Hi Stan team -
I use the
append_row function a lot for concatenating vectors/reals. Often I end up with nested
append_row commands in order to pack different vectors together, such as for a
I’ve recently learned though that I could do something similar by simply creating a vector with brackets:
[val1, val2, val3... valN]
What I’m wondering is if there is any speed/complexity trade-off between these two ways to compose vectors? For example, if I had 10 distinct values, would 10 nested
append_row statements make more sense or one set of brackets? Also, given that I’m often doing this in the transformed parameters block, does this matter at all for gradient evaluation/the AD stack?
Thanks for any insight -
10 nested append_row calls would be very inefficient as append_row(a,b) creates a new container with
size(a)+size(b) elements and copies both a and b in the new container.
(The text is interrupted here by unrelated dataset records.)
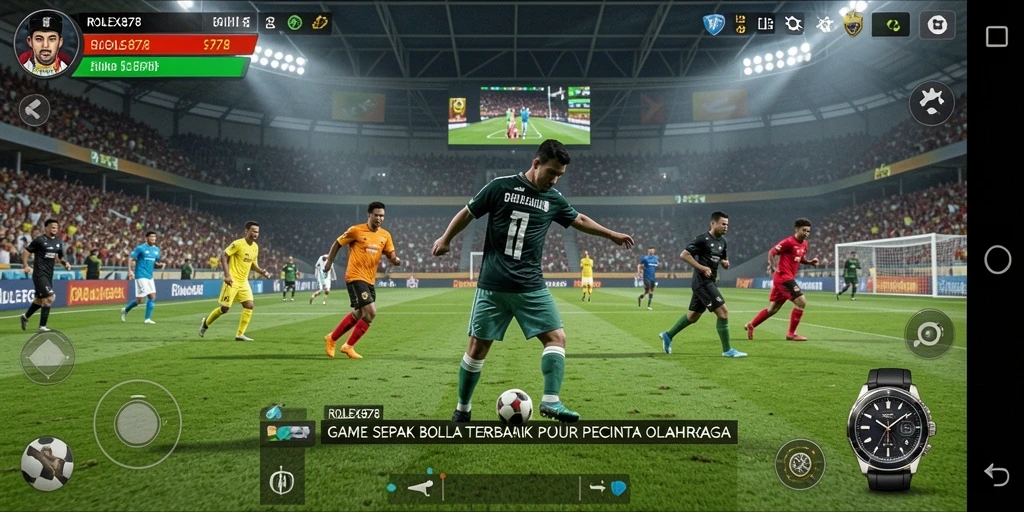 Screenshot gameplay ROLEX878 yang menunjukkan aksi seru di lapangan sepak bola.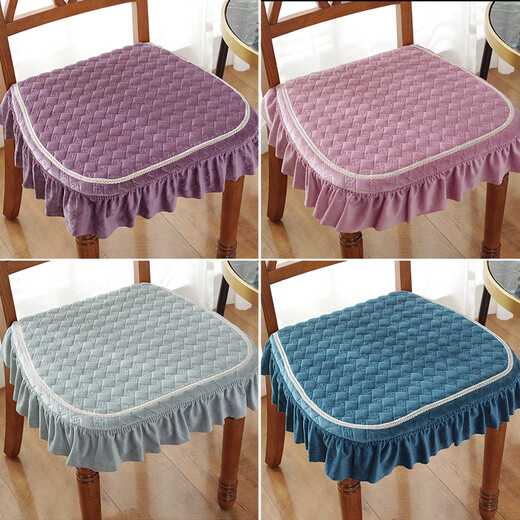 Frangomu cushion home dining chair cushion chair butt cushion winter thickened non-slip European dining table and chair cushion stool cover seat cushion Dandelion-Champagne 43X45cm universal size single piece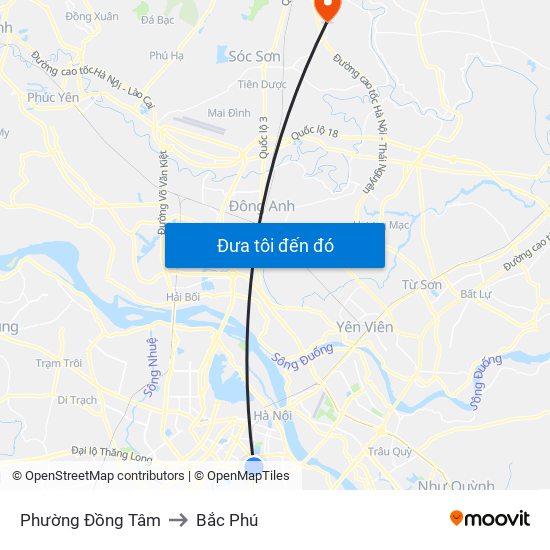 Phường Đồng Tâm to Bắc Phú map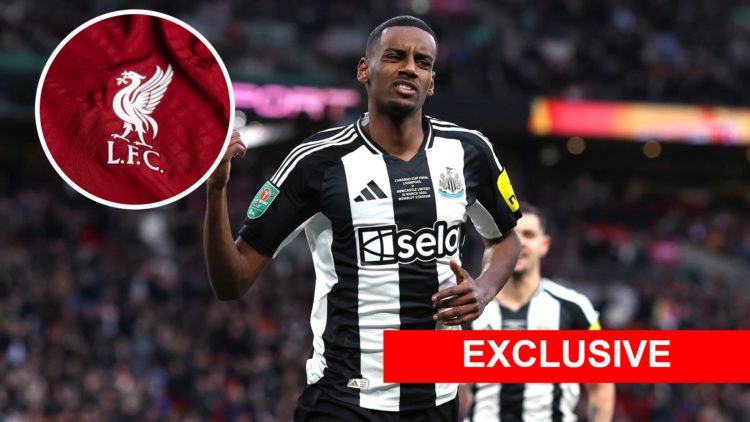 Image of Alexander Isak with overlay of Liverpool badge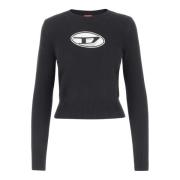 Wol Kasjmier Crew Neck Pullover Diesel , Black , Dames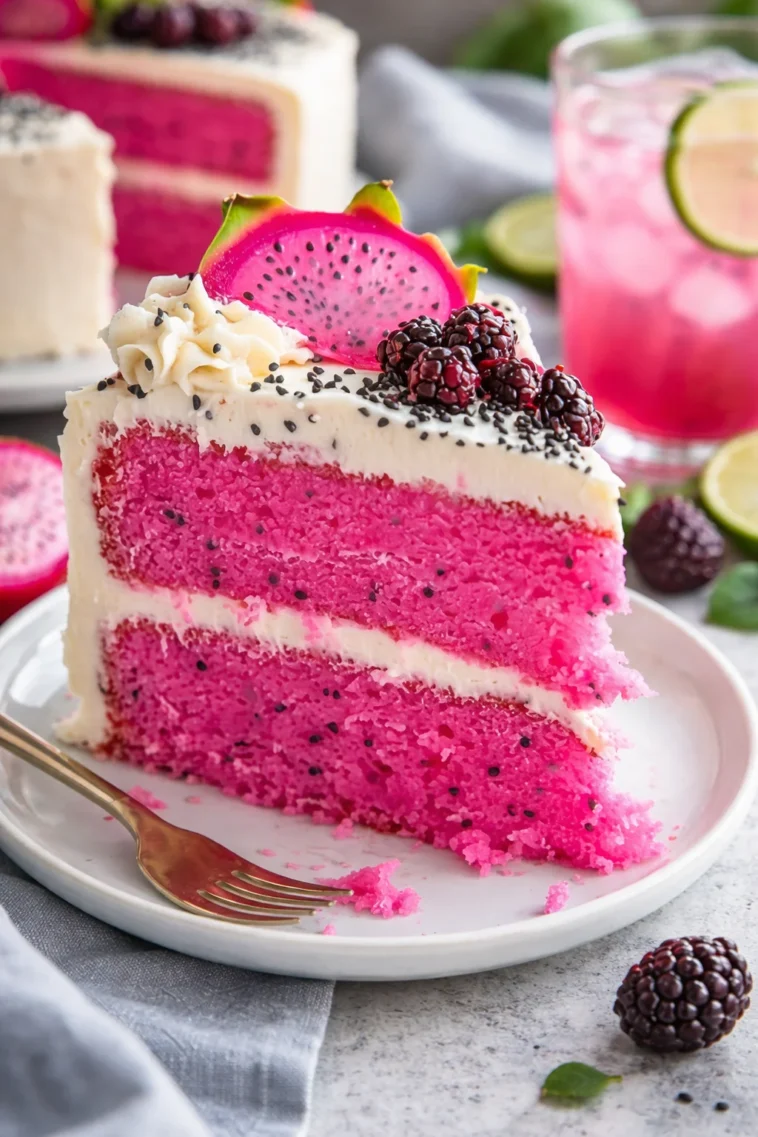 Rosa Drachenfrucht-Lebkuchen auf einem festlichen Teller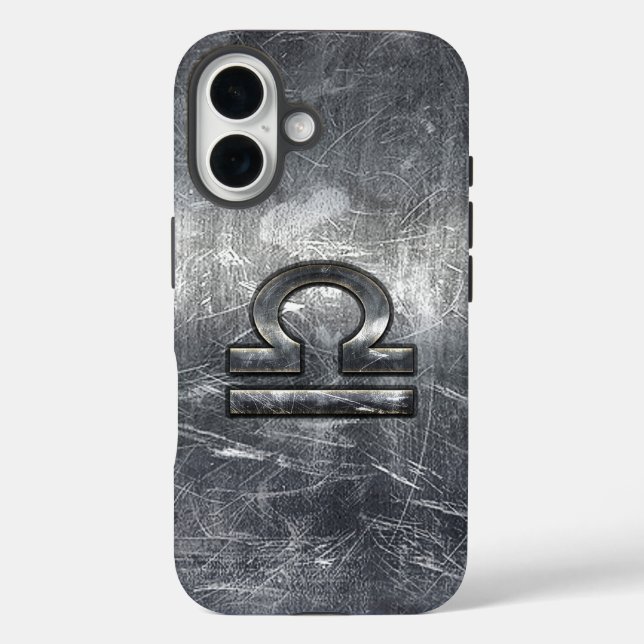 Libra Zodiac Symbol Distressed Industrial Steel Case-Mate iPhone Case (Back)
So if a,b and c all have 10 elements the nested calls
append_row(append_row(a,b),c) will make 10+10 copies for the inside call and 20+10 for the outside call, 50 copies all together. [a,b,c] should only make 30 copies.
append_row(append_row(append_row(a,b),c),d) makes 90 copies instead of 40, and so on.
In your case of 10 scalar elements this amount to 2+3+4+5+6+7+8+9+10 = 54 copies instead of 10.
So just a quick follow-up, thanks so much for your comments! Do you get the same overhead if the vectors given to
append_row are zero-length? I know it works fine but didn’t know if it had less overhead.
Glad to help.
In that case the overhead is that you create N zero-length containers vs 1 zero-length container, where N is the number of append_row calls. Obviously, no copy overhead. I dont think this overhead should be noticeable if N isn’t really in the hundred-thousands.
Also, matrices are stored by column, so manipulating them by row is less efficient than by column. That shouldn’t matter too much for appending, though, as it’s going to copy the whole thing anyway.